В заметках 1846 г., касающихся первого тома "Мертвых Душ", обдумывая переиздание, Гоголь очертил скрытую символику поэмы, носившую, как мы убеждаемся, глобальное содержание с центральной идеей бессмысленности и бесцельности бытия. Губернский город NN служил прообразом всего человечества, земного существования в целом, представленного разнообразными видами бесцельности (или бездельности), смыкавшими мировую жизнь с процессом омертвения мира,
"Идея города. Возникшая до высшей степени Пустота. Пустословие. Сплетни, перешедшие предлы, как всё это возникло из безделья и приняло выражение смешного в высшей степени. Как люди неглупые доходят до делания совершенных глупостей.

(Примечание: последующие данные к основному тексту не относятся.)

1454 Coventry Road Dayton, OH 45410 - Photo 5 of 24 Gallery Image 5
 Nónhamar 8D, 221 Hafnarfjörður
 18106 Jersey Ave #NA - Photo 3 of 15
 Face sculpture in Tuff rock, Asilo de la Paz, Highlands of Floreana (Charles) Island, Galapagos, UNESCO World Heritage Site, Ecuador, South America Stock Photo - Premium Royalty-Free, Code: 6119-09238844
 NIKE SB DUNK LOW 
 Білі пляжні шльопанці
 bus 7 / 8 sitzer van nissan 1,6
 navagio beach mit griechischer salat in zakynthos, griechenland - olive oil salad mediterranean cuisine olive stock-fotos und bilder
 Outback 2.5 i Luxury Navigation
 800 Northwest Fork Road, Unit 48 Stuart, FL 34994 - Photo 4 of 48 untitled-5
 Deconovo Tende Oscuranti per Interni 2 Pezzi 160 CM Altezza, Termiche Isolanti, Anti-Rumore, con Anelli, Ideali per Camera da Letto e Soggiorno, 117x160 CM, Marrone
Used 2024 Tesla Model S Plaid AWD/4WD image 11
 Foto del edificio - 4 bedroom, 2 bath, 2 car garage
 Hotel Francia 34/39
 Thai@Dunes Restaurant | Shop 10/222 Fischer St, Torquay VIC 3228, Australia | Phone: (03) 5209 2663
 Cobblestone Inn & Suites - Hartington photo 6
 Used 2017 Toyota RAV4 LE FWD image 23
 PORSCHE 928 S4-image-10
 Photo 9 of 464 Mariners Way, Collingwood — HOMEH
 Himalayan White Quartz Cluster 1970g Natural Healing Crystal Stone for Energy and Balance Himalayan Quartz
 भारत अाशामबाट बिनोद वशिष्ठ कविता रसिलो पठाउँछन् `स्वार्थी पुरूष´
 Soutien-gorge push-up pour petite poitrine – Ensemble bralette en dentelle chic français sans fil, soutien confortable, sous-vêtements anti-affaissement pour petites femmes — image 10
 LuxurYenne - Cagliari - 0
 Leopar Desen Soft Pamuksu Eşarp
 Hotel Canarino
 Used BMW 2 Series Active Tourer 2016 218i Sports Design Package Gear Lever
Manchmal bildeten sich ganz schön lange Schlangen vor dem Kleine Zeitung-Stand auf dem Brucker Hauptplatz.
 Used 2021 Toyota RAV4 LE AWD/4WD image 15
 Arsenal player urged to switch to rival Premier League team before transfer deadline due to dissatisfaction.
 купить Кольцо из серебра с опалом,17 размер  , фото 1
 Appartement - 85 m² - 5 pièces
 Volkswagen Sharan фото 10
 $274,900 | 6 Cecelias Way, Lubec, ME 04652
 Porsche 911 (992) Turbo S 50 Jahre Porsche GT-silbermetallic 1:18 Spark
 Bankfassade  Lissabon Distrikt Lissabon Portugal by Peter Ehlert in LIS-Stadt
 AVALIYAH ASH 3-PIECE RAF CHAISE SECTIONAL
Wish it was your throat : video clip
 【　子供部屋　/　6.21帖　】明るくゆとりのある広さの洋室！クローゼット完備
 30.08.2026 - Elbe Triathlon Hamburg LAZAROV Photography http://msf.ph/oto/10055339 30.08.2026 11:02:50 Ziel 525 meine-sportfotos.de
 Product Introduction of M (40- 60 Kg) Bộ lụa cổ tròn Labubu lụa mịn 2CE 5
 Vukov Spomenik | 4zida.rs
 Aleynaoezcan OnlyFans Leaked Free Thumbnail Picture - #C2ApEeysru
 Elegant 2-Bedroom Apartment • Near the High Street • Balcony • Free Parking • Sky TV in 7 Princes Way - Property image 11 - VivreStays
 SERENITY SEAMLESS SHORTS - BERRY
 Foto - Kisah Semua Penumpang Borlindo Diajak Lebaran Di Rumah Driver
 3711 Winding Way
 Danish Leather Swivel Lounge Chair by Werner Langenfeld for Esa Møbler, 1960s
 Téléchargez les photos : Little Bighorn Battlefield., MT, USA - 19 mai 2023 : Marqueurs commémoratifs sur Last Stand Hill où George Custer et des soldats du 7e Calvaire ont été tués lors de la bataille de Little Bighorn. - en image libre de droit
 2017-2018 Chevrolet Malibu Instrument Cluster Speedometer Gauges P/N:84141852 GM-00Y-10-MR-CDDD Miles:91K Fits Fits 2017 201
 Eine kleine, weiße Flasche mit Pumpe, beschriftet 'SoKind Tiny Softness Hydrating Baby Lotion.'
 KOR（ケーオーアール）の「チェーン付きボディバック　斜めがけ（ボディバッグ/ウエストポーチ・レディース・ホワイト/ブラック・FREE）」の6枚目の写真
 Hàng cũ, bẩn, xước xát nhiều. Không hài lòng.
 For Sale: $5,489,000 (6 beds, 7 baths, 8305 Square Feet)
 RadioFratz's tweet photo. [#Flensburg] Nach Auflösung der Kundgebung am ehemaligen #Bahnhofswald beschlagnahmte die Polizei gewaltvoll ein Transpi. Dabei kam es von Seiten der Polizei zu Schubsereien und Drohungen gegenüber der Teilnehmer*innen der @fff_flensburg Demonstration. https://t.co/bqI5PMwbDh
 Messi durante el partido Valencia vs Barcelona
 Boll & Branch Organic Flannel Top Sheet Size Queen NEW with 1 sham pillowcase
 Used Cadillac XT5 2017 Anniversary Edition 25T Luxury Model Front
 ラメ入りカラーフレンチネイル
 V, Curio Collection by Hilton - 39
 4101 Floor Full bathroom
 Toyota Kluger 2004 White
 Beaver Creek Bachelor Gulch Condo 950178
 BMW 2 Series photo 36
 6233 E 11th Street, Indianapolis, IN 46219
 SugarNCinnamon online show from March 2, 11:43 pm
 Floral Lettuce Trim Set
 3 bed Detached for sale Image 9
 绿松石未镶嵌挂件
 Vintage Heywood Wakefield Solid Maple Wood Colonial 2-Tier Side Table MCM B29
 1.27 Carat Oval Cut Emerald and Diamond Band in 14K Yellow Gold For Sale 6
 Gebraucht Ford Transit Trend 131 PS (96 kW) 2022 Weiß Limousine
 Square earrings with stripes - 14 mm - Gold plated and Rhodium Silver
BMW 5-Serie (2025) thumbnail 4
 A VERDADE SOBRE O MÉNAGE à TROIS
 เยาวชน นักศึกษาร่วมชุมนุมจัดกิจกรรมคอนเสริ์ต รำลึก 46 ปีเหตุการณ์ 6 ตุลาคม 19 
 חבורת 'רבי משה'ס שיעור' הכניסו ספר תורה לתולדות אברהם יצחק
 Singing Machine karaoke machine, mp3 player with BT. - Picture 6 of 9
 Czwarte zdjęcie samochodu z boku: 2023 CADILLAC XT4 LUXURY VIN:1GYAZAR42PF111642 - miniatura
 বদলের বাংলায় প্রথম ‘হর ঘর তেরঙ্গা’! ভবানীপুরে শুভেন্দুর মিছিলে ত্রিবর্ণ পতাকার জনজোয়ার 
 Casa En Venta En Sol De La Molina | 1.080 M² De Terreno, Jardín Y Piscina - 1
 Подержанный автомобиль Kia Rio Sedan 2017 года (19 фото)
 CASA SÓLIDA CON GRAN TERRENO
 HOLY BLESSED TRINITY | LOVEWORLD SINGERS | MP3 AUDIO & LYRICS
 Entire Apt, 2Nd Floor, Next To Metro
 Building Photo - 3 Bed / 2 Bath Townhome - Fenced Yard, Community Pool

...Как пустота и бессильная праздность жизни сменяются мутною, ничего не говорящею смертью. Как это страшное событие совершается бессмысленно. Не трогаются. Смерть поражает нетрогающийся мир. - Еще сильнее между тем должна представиться читателю мертвая бесчувственность жизни.
Проходит страшная мгла жизни, и еще глубокая скрыта в том тайна. Не ужасное ли это явленье? Жизнь бунтующая, праздная - не страшно ли великое она явленье...
...Весь город со всем вихрем сплетней - преобразование (очевидно прообразовать, - А. Т.) бездельности жизни всего человечества в массе...
Как низвести все мира безделья во всех родах до сходства с городским бездельем? и как городское безделье возвести до преобразования безделья мира?
Для [этого] включить все сходства и внести постепенный ход".
Строки эти яснее прорисовывают контуры поэмы и непосредственно ложатся на текст ее последних глав, посвященных городским сплетням и слухам о Чичикове, городскому безделью разного рода. Всё это увенчивается смертью и похоронами прокурора. Последний, напомним, человек безобидный и тихий, представлен как эталон человеческой жизни вообще, не оставляющей после себя никакого следа, ни к чему не ведущей и ничем не оправданной. Густые брови прокурора, служащие его единственной приметой и как бы призванием в жизни, позволяют автору самый облик покойного обратить в недоуменный вопрос о цели существования всего человеческого рода.
"А между тем появленье смерти так же было страшно в малом, как страшно оно и в великом человеке: тот, кто еще не так давно ходил, двигался, играл в вист, подписывал разные бумаги и был так часто виден между чиновников с своими густыми бровями и мигающим глазом, теперь лежал на столе, левый глаз уже не мигал вовсе, но бровь одна всё еще была приподнята с каким-то вопросительным выражением. О чем покойник спрашивал: зачем он умер, или зачем жил, - об этом один Бог ведает".